Good News From Outer Space
- Author: John Kessel
- Cover artist: Cityline Communications
- Language: English
- Genre: Science fiction
- Published: 1989
- Publisher: Tor Books
- Publication place: United States
- Pages: 402
- ISBN: 978-0-312-93178-0

= Good News From Outer Space =

1989 novel by John Kessel

Good News From Outer Space is a science fiction novel by American writer John Kessel.
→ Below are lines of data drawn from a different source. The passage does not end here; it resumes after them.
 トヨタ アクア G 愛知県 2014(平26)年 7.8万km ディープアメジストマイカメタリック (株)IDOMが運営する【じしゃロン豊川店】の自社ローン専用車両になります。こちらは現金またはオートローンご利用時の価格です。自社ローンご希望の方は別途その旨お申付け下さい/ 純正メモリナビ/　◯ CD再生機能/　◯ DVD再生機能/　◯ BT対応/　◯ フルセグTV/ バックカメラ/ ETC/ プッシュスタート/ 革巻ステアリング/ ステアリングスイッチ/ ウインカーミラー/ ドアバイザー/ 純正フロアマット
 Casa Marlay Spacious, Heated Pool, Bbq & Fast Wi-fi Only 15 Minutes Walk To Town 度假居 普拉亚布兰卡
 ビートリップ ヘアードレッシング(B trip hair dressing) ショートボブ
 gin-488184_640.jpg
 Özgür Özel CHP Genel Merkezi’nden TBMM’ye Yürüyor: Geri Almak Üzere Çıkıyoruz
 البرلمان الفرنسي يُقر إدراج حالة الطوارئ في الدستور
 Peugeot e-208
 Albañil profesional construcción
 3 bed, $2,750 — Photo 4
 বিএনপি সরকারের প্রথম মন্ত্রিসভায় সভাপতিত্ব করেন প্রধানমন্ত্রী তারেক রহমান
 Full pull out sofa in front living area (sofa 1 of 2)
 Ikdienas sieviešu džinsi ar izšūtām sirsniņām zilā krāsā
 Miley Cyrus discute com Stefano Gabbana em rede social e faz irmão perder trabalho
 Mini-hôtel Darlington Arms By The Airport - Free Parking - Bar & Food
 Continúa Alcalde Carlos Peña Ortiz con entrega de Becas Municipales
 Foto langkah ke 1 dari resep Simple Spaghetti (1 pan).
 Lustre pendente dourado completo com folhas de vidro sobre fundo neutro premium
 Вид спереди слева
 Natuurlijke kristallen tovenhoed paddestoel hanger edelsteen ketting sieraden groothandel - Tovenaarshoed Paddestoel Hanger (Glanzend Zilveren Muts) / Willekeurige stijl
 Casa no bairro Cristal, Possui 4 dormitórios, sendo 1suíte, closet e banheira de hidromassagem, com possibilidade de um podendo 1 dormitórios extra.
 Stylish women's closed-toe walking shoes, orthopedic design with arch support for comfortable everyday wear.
It is predominantly a satire telling the story of a resurrected reporter, George Eberhart, investigating alien involvement on Earth just prior to worldwide hysteria surrounding the countdown to the year 2000. The book was described as "madcap" and containing "gonzo plotting", which lent itself well to the satirical points Kessel was trying to make.

==Plot==

In 1999, George Eberhart, a tabloid journalist, has been resuscitated from a suicide by a new scientific process, known as the "Han process". Amidst premillennial hysteria across the United States, compounded by both biblical prophecies concerning the End of Times and Ufologists reporting sightings of giant alien spacecraft.

The resurrected George leaves both his job and his wife, Lucy, and discovers in Raleigh, North Carolina a series of unusual incidents the locals believe are angelic interventions, but that George suspects are due to alien interference with the progress of humanity.

Rev Jimmy-Don Gilray is convinced that God is send a messenger to Earth on January 1, 2000.

Both men may be correct as either the messenger may be aliens or God, or even the Devil.

==Reception==

===Reviews===

The SF Book Review found the story enjoyable and scary, noting that it is very dark. The Encyclopedia of Science Fiction found the book to be a dizzying look at humans as they approach the millennium calling the book formidable.

===Awards===

In 1990, Good News From Outer Space was nominated for the John W. Campbell Memorial Award for Best Science Fiction Novel, the Nebula Award for Best Novel., and the Locus Award for Best Science Fiction Novel.